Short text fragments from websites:
--------
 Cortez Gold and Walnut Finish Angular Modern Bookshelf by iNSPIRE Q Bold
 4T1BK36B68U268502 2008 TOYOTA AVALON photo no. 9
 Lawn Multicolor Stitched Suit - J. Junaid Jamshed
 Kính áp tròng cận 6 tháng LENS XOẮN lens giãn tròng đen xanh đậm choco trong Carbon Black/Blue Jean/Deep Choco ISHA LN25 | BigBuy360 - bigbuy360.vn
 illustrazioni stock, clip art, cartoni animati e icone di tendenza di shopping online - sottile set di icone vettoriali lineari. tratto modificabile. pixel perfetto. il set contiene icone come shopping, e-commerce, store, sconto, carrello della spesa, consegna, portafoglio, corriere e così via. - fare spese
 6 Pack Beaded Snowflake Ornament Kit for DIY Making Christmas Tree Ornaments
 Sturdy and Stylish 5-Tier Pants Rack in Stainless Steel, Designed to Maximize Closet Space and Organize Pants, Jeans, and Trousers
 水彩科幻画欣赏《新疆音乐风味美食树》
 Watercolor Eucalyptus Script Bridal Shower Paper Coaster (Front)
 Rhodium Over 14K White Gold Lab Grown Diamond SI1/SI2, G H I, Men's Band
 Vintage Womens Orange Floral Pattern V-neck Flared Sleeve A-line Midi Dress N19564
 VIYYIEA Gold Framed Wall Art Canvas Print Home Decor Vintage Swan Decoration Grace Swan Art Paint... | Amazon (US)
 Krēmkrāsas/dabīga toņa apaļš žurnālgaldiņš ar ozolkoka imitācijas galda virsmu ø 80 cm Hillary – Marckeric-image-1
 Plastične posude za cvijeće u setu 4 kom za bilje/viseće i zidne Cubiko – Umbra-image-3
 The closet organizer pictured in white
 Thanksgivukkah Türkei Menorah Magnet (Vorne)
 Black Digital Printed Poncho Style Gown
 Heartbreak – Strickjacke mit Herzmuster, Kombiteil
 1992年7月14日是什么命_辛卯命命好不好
--------
▶ _WHAT IS EXPECTED_:
Within the records, on how many lines does the word "Black" appear? Provide the number alone.

▶ _TASK RESULT_:
2